Так рядом с нами, на наших глазах разыгрывается непрерывная мистерия растительного мира. Для нас? Вряд ли.

Растениям хорошо и самим по себе. Их не интересует, что когда-то они дали нам такой необходимый для жизни кислород. Что вплелись своими корнями, ветками, листьями в самое сердце нашей жизни, во всю человеческую историю. Им все равно. Это мы — думаем, соображаем, догадываемся, пытаемся найти себе здесь какое-то место. Но, улегшись в траву, войдя в лес, встав среди деревьев, мы — наравне с умиротворением, покоем, тишиной, — ощущаем недоумение. И еще: растерянность, непонимание. Мы как будто чужие в этом мире, его звенящая пустота и тишина оглушает нас с непривычки. Заняв свое место посреди леса, притворившись одним из его жителей, мы очень скоро начинаем томиться. Нам надоедает эта игра.

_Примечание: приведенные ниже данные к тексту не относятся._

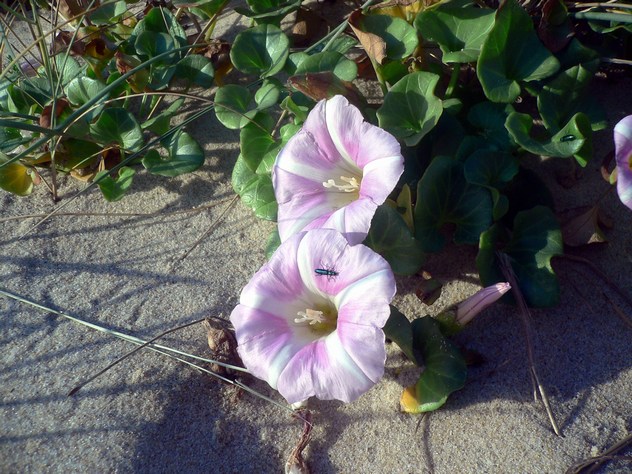 Calystegia soldanella - Convolvulaceae Calystegia soldanella - Convolvulaceae
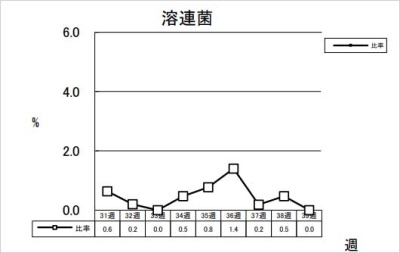 溶連菌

Как быть во всем этом? Когда-то давно мир был един, и все было всем. Человек не знал своих границ и, выходя из своих берегов, растворялся в том, что его окружало. Полный нерасплесканных чувств, он входил в лес, и эти чувства были лесом, были полем. Были рябиной и яблоней, и человек был рябиной. И был дубом. И ручьем, разделяющим их. И клонился, как яблонька, к реченьке. И все они, и яблонька, и реченька, и дуб и береза были им самим. Тут не было никакого подвоха.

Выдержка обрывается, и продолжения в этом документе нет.